*WHAT TO PRODUCE:* From start to finish, set down the entries below exactly, leaving out the pictures.

Top of DATA LISTING

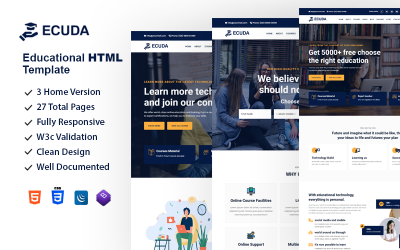 Шаблон Ecuda - Образовательные и онлайн-курсы HTML-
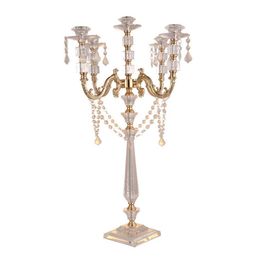 Acrylic Candle Holders 5-arms Candelabras With Crystal Pendants 77 CM/30" Height Elegant Candlesticks Wedding Centrepiece SN448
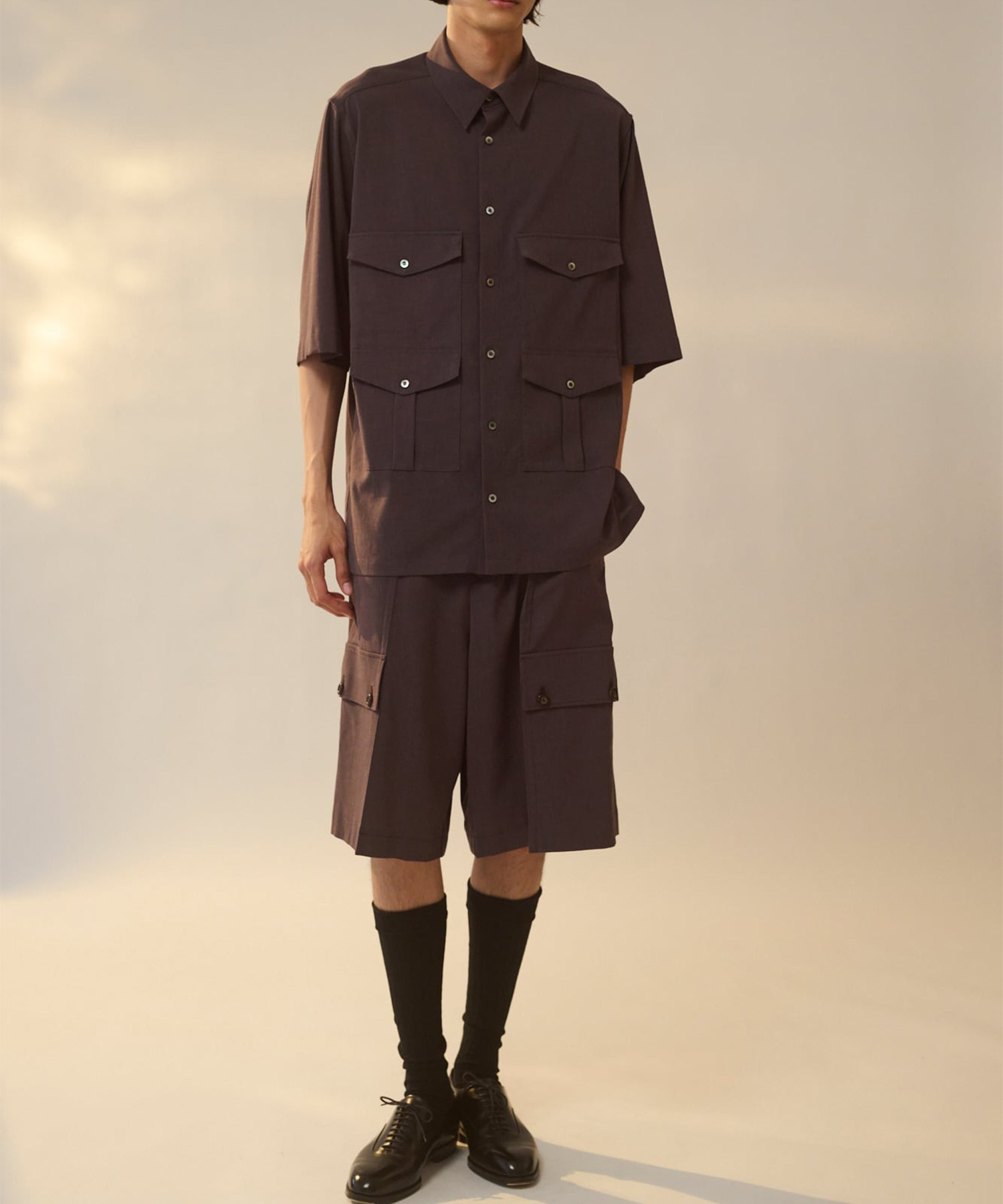 Multi Pocket Half Sleeve Shirt UJOH HOMME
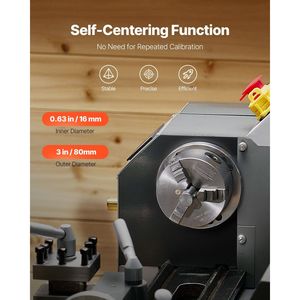 Mandrin de tour auto-centrant de 3 pouces avec vis de fixation à clé en T, plage de serrage 0,08-2,48 (2-63 mm), compatible réversible - Product Image 3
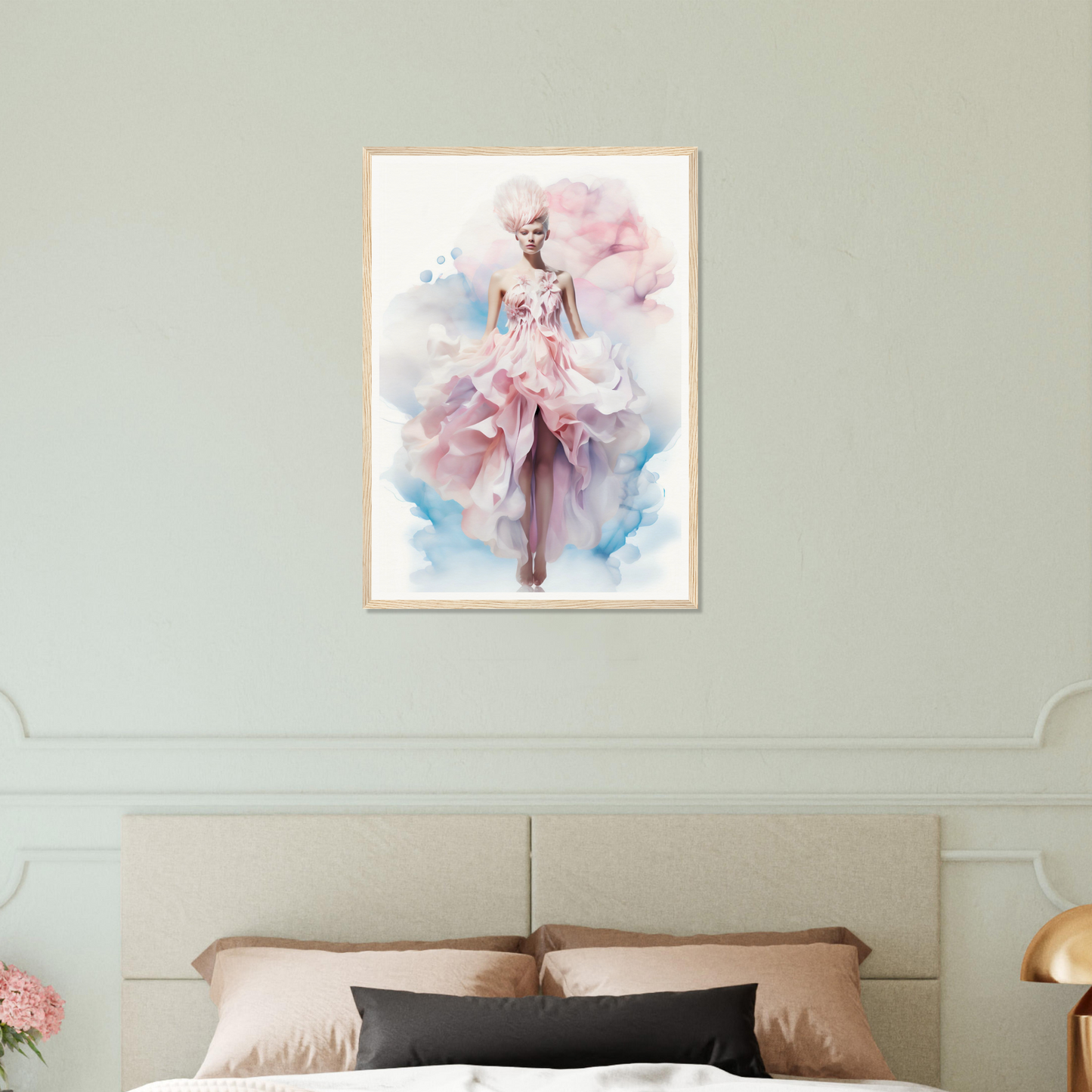 Watercolor-style painting of a graceful figure in a flowing pink dress with swirling, ethereal elements.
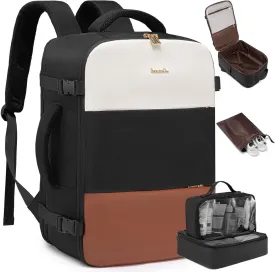 LOVEVOOK Travel Backpack for Women, Carry On Backpack Flight Approved with 3 Packing Cubes,TSA Personal Item Travel Bag Fits 15.6” Laptop,Weekender Hiking Business Luggage Daypack Beige Black Brown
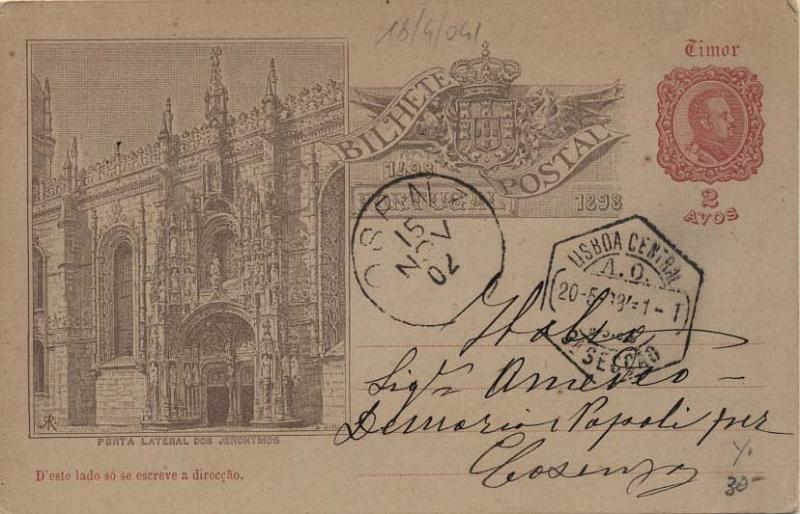 2185.jpg -     Lote:    2185      Lotes pelo Correio      Timor       Descrição:         1898 &mdash; 4.º Centenário do Descobrimento do Caminho Marítimo para a Índia. OM2, 2 avos. Inteiro utilizado como postal ilustrado para Itália. Obliteração de favor de Lisboa.        IC       Valor Base:     &euro; 10,00     Valor Venda:     &euro; 21,00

Bottom of DATA LISTING

*ANSWER SPACE:*
 Шаблон Ecuda - Образовательные и онлайн-курсы HTML-
 Acrylic Candle Holders 5-arms Candelabras With Crystal Pendants 77 CM/30" Height Elegant Candlesticks Wedding Centrepiece SN448
 Multi Pocket Half Sleeve Shirt UJOH HOMME
 Mandrin de tour auto-centrant de 3 pouces avec vis de fixation à clé en T, plage de serrage 0,08-2,48 (2-63 mm), compatible réversible - Product Image 3
 Watercolor-style painting of a graceful figure in a flowing pink dress with swirling, ethereal elements.
 LOVEVOOK Travel Backpack for Women, Carry On Backpack Flight Approved with 3 Packing Cubes,TSA Personal Item Travel Bag Fits 15.6” Laptop,Weekender Hiking Business Luggage Daypack Beige Black Brown
 2185.jpg -     Lote:    2185      Lotes pelo Correio      Timor       Descrição:         1898 &mdash; 4.º Centenário do Descobrimento do Caminho Marítimo para a Índia. OM2, 2 avos. Inteiro utilizado como postal ilustrado para Itália. Obliteração de favor de Lisboa.        IC       Valor Base:     &euro; 10,00     Valor Venda:     &euro; 21,00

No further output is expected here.